I would also second music as a way to set the mood. Try different genres too. I wanted to imagine that I would be a lovely classical music household, but turns out that bopping along to dad rock, sea shanties and cheesy 90's pop works best for our two because they like the strong beats and repetitive nature of the songs. Sea shanties in particular have a soothing rhythm and bass to them (when you get into the science of them, it's really interesting because depending on the job they were designed to go with depends on their rhythm and tone) and the call and response element is predictable for them. And yes, yes I was desperately down a 'how to make your child sleep' midnight internet rabbit hole when I was sat up with the eldest pre cosleeping revelations when I found that out.
However, you should also think about whether there are any underlying issues as well- would your health visitor support a referral to community paediatrics? Or might it be worth speaking to your GP? For example, lots of kids who have experienced trauma might have issues with their bowels, because food and gut health are impacted by trauma. Constipation makes plenty of people angry and grumpy, could that be an issue? Or is he waking himself up by snoring? Once we had some tonsils removed, inhalers prescribed, constipation sorted, and worked out one was lactose intolerant, our two seemed to vibe much better.
Finally, a holding hand moment to say, it will pass. The first 6 months for me were so incredibly difficult. I felt so lonely, because I had gone from my career as a teacher, where I was being social and busy every day to having to work out how to get a screaming 2 and a 3 year old to stop screaming and fighting with me, each other and the world, and literally nobody else in my life apart from other adopters got it. My family, who I thought were going to be my rock, refused to acknowledge that these kids were any different to normal, and the parents at the stay and plays were horrified at my kids because their behaviour was completely out of whack.
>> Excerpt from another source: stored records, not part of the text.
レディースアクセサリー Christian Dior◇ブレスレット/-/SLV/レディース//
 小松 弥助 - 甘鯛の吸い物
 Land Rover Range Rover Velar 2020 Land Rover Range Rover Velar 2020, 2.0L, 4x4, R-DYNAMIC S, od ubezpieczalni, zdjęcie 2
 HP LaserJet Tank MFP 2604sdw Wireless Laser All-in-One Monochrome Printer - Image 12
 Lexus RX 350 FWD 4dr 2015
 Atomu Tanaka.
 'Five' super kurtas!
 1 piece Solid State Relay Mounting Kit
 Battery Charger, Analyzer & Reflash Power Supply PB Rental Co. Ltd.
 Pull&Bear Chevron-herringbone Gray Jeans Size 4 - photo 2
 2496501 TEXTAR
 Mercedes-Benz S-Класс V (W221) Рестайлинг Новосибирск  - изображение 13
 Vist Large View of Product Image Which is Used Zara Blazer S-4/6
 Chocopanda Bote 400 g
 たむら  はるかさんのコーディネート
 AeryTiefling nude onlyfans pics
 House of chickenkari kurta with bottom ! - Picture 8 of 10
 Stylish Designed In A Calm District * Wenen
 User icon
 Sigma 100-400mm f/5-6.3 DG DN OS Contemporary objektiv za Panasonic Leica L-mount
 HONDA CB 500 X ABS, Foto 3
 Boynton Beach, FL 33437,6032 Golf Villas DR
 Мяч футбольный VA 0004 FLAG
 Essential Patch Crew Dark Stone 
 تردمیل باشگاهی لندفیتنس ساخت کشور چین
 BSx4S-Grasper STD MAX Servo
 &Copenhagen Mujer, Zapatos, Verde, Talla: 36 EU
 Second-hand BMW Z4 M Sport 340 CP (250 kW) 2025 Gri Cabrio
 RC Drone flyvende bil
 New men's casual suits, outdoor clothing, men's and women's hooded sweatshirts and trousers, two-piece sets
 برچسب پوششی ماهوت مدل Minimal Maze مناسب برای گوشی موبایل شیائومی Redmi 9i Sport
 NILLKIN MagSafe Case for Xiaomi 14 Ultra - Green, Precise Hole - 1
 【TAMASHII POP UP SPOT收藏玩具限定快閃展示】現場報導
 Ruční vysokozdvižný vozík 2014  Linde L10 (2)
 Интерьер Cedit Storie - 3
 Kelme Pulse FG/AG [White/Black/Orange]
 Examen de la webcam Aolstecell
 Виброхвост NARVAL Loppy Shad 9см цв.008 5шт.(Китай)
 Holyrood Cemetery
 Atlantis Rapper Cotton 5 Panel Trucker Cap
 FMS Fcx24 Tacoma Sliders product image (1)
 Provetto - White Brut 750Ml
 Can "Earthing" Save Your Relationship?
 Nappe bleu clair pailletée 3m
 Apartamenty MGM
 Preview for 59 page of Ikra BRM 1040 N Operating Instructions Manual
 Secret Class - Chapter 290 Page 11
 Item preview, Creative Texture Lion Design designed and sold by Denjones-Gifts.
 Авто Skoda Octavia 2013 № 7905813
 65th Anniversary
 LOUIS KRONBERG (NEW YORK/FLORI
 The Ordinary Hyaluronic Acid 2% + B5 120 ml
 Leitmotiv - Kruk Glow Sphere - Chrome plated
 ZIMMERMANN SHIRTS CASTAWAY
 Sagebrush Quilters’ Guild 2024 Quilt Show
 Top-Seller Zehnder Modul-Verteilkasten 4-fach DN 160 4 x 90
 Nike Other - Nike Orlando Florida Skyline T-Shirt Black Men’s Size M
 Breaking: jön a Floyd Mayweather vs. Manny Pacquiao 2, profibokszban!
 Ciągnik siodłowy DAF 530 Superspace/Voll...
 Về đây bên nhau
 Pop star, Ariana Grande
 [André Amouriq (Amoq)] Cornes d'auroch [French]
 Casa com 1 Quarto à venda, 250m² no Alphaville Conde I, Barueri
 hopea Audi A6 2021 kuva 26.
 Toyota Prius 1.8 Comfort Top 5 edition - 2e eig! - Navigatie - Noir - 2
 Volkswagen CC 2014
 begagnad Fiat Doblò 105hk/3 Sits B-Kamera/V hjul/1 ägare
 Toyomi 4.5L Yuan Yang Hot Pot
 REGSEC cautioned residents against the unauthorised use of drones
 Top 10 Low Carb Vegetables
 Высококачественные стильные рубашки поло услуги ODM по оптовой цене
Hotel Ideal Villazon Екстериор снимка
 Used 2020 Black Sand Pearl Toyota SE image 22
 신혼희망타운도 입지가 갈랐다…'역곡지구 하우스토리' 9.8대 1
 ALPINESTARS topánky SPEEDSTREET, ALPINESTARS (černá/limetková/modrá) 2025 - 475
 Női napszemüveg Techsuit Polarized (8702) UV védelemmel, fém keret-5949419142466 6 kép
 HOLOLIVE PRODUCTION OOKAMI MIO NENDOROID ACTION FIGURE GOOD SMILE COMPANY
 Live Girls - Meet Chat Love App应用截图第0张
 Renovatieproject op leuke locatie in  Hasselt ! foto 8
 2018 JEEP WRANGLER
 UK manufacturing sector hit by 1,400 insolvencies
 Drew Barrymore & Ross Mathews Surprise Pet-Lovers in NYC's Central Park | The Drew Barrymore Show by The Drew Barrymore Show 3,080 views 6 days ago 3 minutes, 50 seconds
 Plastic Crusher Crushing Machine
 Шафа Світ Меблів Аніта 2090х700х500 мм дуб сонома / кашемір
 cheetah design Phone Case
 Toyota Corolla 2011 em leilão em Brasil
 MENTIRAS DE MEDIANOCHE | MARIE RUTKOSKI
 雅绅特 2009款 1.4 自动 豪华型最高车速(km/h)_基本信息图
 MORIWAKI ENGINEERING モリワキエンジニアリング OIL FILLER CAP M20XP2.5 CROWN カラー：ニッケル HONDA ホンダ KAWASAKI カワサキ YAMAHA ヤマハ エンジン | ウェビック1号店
However, it does get better if you just focus on the bonding and meeting their needs, and making life as easy for yourself as possible. You both deserve life to be easy and nice wherever possible, so do whatever it takes. Go and grab a fancy coffee, find a quiet soft play with some blocks that fascinate him for ten minutes so you can do bit of a puzzle book, whack on some cocomelon with a bit of chocolate each so that you can have a bit of a sitdown.
It's all going to be ok, you will find your groove eventually, even if it is really difficult right now.